The communication unit 110 may transmit and receive signals (e.g., data and control signals) to and from external devices such as other vehicles, BSs (e.g., gNBs and road side units), and servers. The control unit 120 may perform various operations by controlling elements of the vehicle or the autonomous driving vehicle 100. The control unit 120 may include an ECU. The driving unit 140a may enable the vehicle or the autonomous driving vehicle 100 to drive on a road. The driving unit 140a may include an engine, a motor, a powertrain, a wheel, a brake, a steering device, and so on. The power supply unit 140b may supply power to the vehicle or the autonomous driving vehicle 100 and include a wired/wireless charging circuit, a battery, and so on. The sensor unit 140c may acquire information about a vehicle state, ambient environment information, user information, and so on. The sensor unit 140c may include an inertial measurement unit (IMU) sensor, a collision sensor, a wheel sensor, a speed sensor, a slope sensor, a weight sensor, a heading sensor, a position module, a vehicle forward/backward sensor, a battery sensor, a fuel sensor, a tire sensor, a steering sensor, a temperature sensor, a humidity sensor, an ultrasonic sensor, an illumination sensor, a pedal position sensor, and so on. The autonomous driving unit 140d may implement technology for maintaining a lane on which the vehicle is driving, technology for automatically adjusting speed, such as adaptive cruise control, technology for autonomously driving along a determined path, technology for driving by automatically setting a route if a destination is set, and the like.


For example, the communication unit 110 may receive map data, traffic information data, and so on from an external server. The autonomous driving unit 140d may generate an autonomous driving route and a driving plan from the obtained data. The control unit 120 may control the driving unit 140a such that the vehicle or autonomous driving vehicle 100 may move along the autonomous driving route according to the driving plan (e.g., speed/direction control). During autonomous driving, the communication unit 110 may aperiodically/periodically acquire recent traffic information data from the external server and acquire surrounding traffic information data from neighboring vehicles. During autonomous driving, the sensor unit 140c may obtain information about a vehicle state and/or surrounding environment information. The autonomous driving unit 140d may update the autonomous driving route and the driving plan based on the newly obtained data/information. The communication unit 110 may transfer information about a vehicle position, the autonomous driving route, and/or the driving plan to the external server. The external server may predict traffic information data using AI technology based on the information collected from vehicles or autonomous driving vehicles and provide the predicted traffic information data to the vehicles or the autonomous driving vehicles.



FIG. 18 illustrates an XR device applied to the present disclosure.

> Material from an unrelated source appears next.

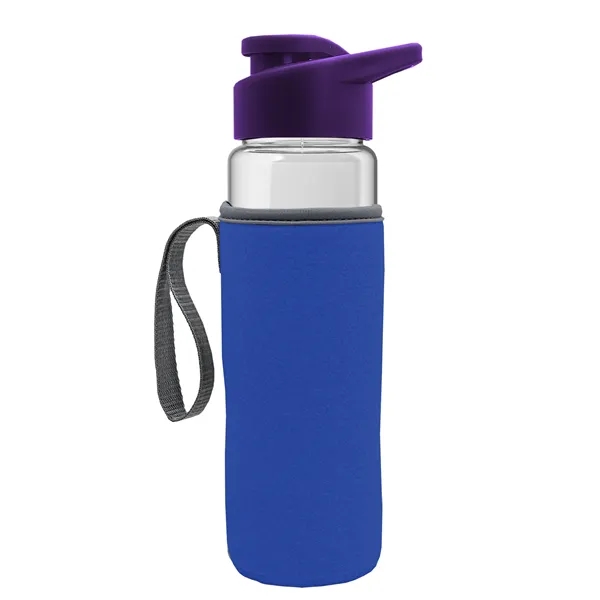 24 oz. Transparent Sports bottle with drink-thru lid  & Caddy... from ASI 40480 Koozie Group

The XR device may be implemented by an HMD, an HUD mounted in a vehicle, a television, a smartphone, a computer, a wearable device, a home appliance, a digital signage, a vehicle, a robot, etc.


Referring to FIG. 18, an XR device 100a may include a communication unit 110, a control unit 120, a memory unit 130, an I/O unit 140a, a sensor unit 140b, and a power supply unit 140c.


The communication unit 110 may transmit and receive signals (e.g., media data and control signals) to and from external devices such as other wireless devices, hand-held devices, or media servers. The media data may include video, images, and sound. The control unit 120 may perform various operations by controlling constituent elements of the XR device 100a. For example, the control unit 120 may be configured to control and/or perform procedures such as video/image acquisition, (video/image) encoding, and metadata generation and processing. The memory unit 130 may store data/parameters/programs/code/commands needed to drive the XR device 100a/generate XR object. The I/O unit 140a may obtain control information and data from the exterior and output the generated XR object. The I/O unit 140a may include a camera, a microphone, a user input unit, a display unit, a speaker, and/or a haptic module. The sensor unit 140b may obtain an XR device state, surrounding environment information, user information, etc. The sensor unit 140b may include a proximity sensor, an illumination sensor, an acceleration sensor, a magnetic sensor, a gyro sensor, an inertial sensor, an RGB sensor, an IR sensor, a fingerprint recognition sensor, an ultrasonic sensor, a light sensor, a microphone and/or a radar. The power supply unit 140c may supply power to the XR device 100a and include a wired/wireless charging circuit, a battery, etc.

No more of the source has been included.